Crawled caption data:
○ ○ ○ ○ ○

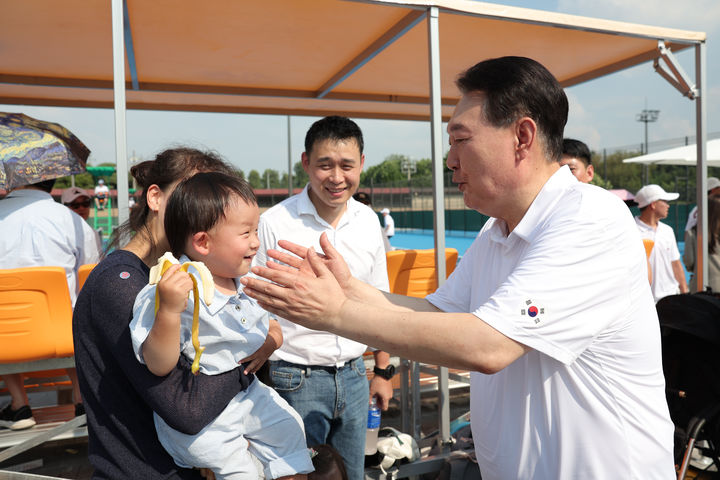 [서울=뉴시스] 윤석열 대통령이 26일 서울 용산어린이정원 분수정원에서 열린 다둥이가족 초청행사에서 어린이들과 인사하고 있다. (사진=대통령실 제공) 2023.08.26. photo@newsis.com *재판매 및 DB 금지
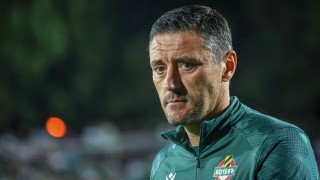 Старши треньорът на Ботев Пловдив Душан Керкез отбелязва днес своя 48 и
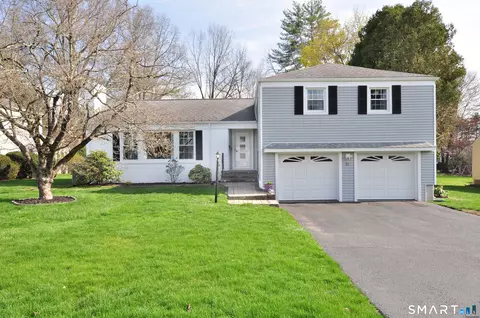 21 Proctor Dr, West Hartford, CT 06117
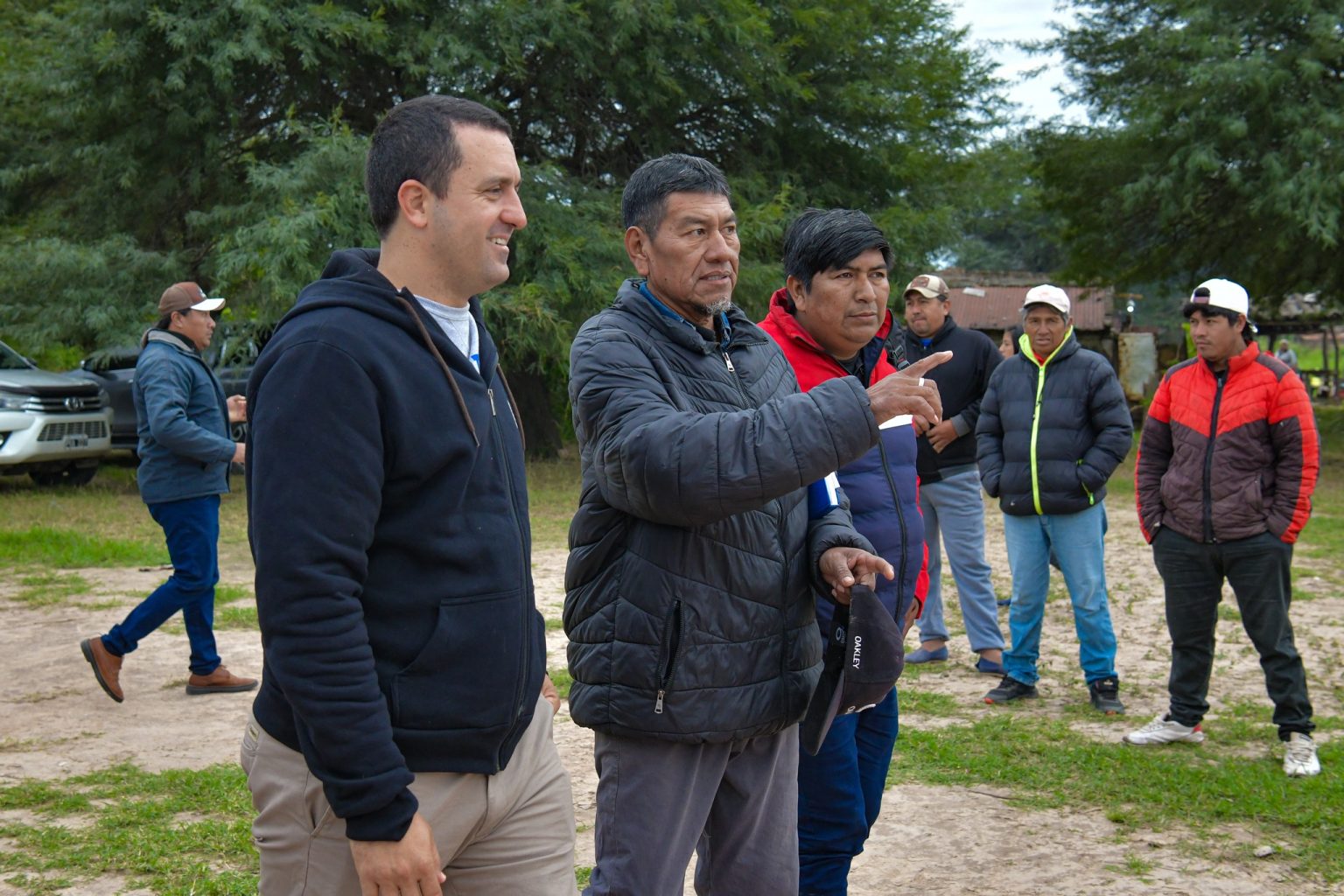 El Vicegobernador compartió encuentros con comunidades en El Colorado y acompañó los festejos en Villa Dos Trece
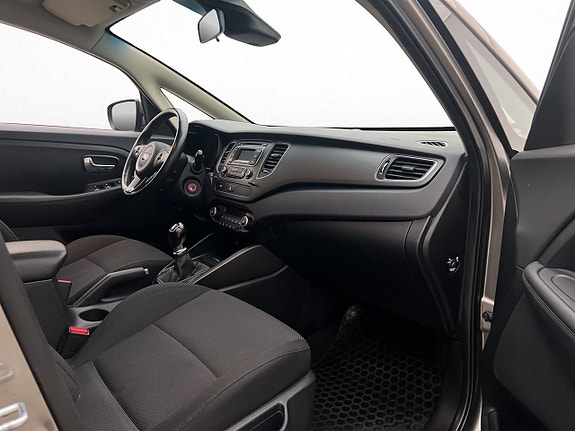 Kia Carens 19 of 27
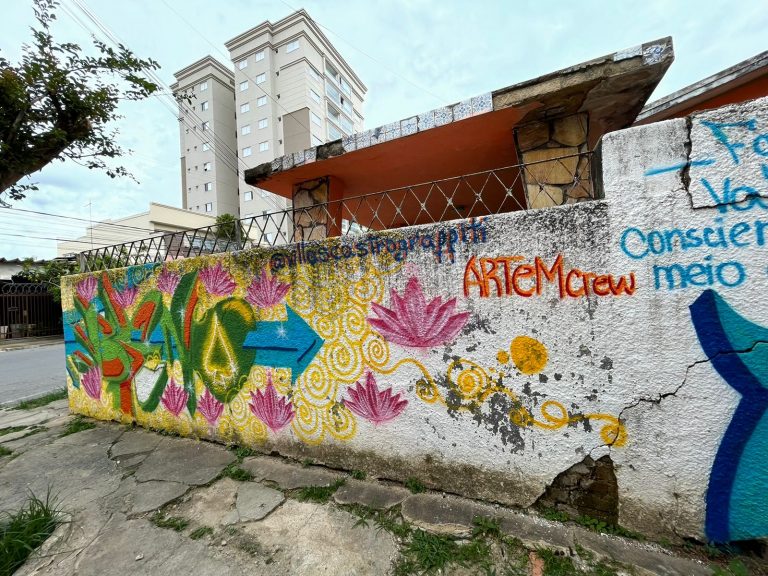 PL ganha mais um muro colorido e estimulante, como deve ser a natureza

○ ○ ○ ○ ○

WORK INSTRUCTIONS
Where a picture appears, omit it; otherwise reproduce each line above from the first to the one with "Kia Carens 19 of 27", inclusive.

SOLUTION TO THIS EXERCISE
 [서울=뉴시스] 윤석열 대통령이 26일 서울 용산어린이정원 분수정원에서 열린 다둥이가족 초청행사에서 어린이들과 인사하고 있다. (사진=대통령실 제공) 2023.08.26. photo@newsis.com *재판매 및 DB 금지
 Старши треньорът на Ботев Пловдив Душан Керкез отбелязва днес своя 48 и
 21 Proctor Dr, West Hartford, CT 06117
 El Vicegobernador compartió encuentros con comunidades en El Colorado y acompañó los festejos en Villa Dos Trece
 Kia Carens 19 of 27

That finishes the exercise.